Some men now feel at their best, especially if their self-esteem had previously been poor. The tangible evidence of their masculinity helps such men to become more at ease with their own sexuality. This enables them to relax more and to be a better partner. Similarly, many women say that from about 12 weeks onwards they feel more cuddly and physical, though not necessarily always wanting intercourse.

Comfortable sex

The second trimester is by far the most comfortable for making love. Early problems are over and the woman’s bump is not big enough to get in the way.

All the usual lovemaking positions are possible, and many women feel that because they are producing extra vaginal secretions they are ready for sex at any time.

Some women feel almost permanently sexy during these three months, with an increased need for orgasms which they claim do not leave them feeling as satisfied as they normally would.

This may be because the time taken for a woman’s sex organs to return to normal after an orgasm is greatly prolonged during pregnancy, possibly because the whole area is so engorged with blood as a result of the pregnancy itself.

Less sex

For the majority of couples, sex falls off during the last three months, and only a few carry on making love right up to the birth.

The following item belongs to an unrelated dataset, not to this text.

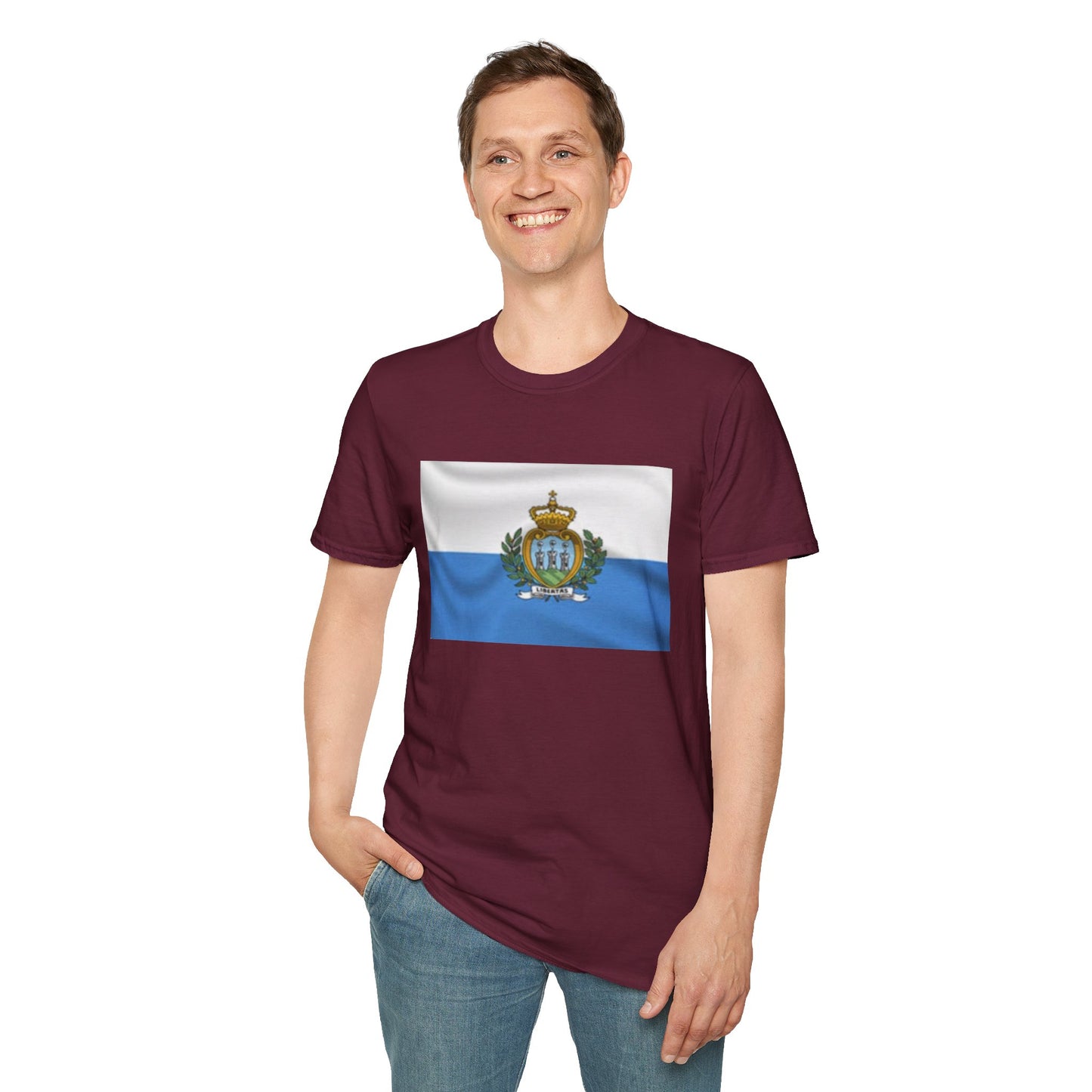 Unisex Softstyle T-Shirt -- San Marino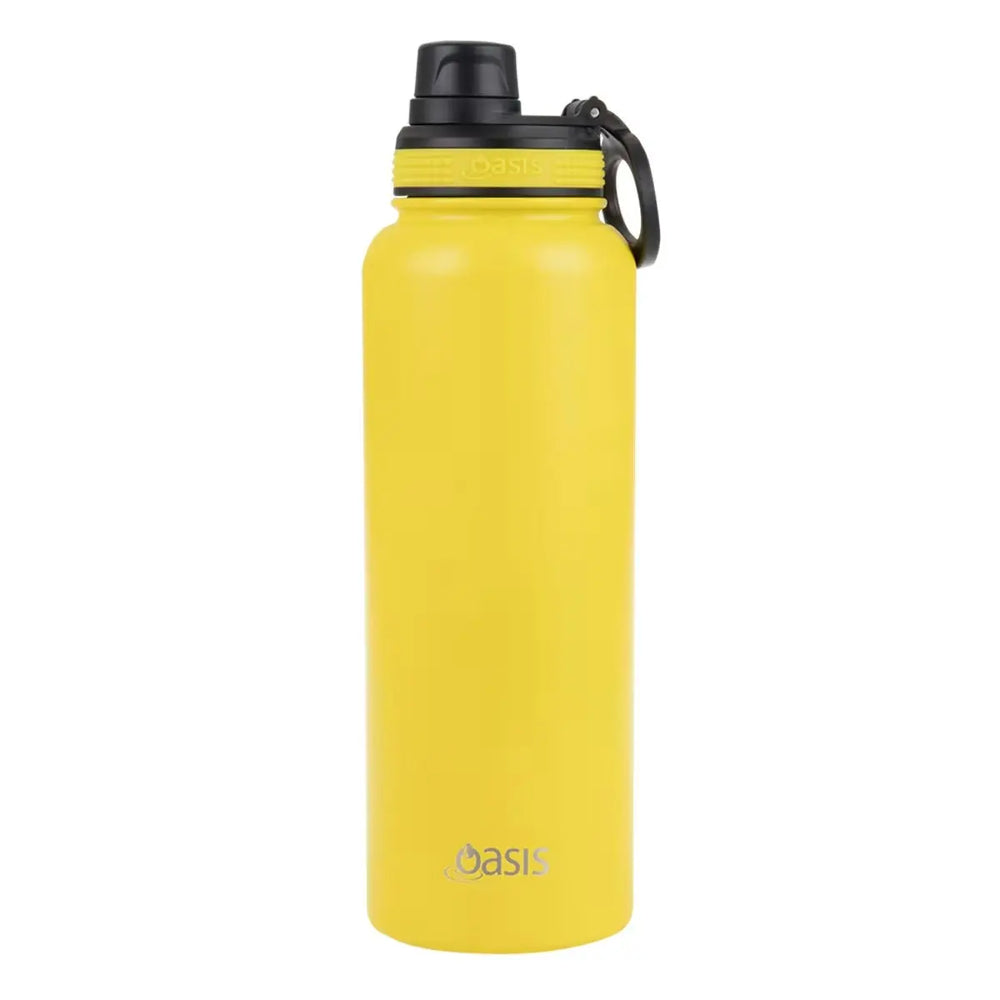 Oasis S/S Double Wall Insulated Challenger Sports Bottle W/ Screw Cap 1.1L - TheSquarePeg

The main difficulties for those who do continue making love are mainly centred on the woman’s size. The other worry that some couples have is that if they make love and the woman has an orgasm near the delivery date she will go into premature labour.

This can happen, but it is rare unless the woman has a history of premature labours. It is thought that intercourse or orgasm can trigger labour if the woman is very near delivery, and her cervix is ripe, but otherwise there is no danger.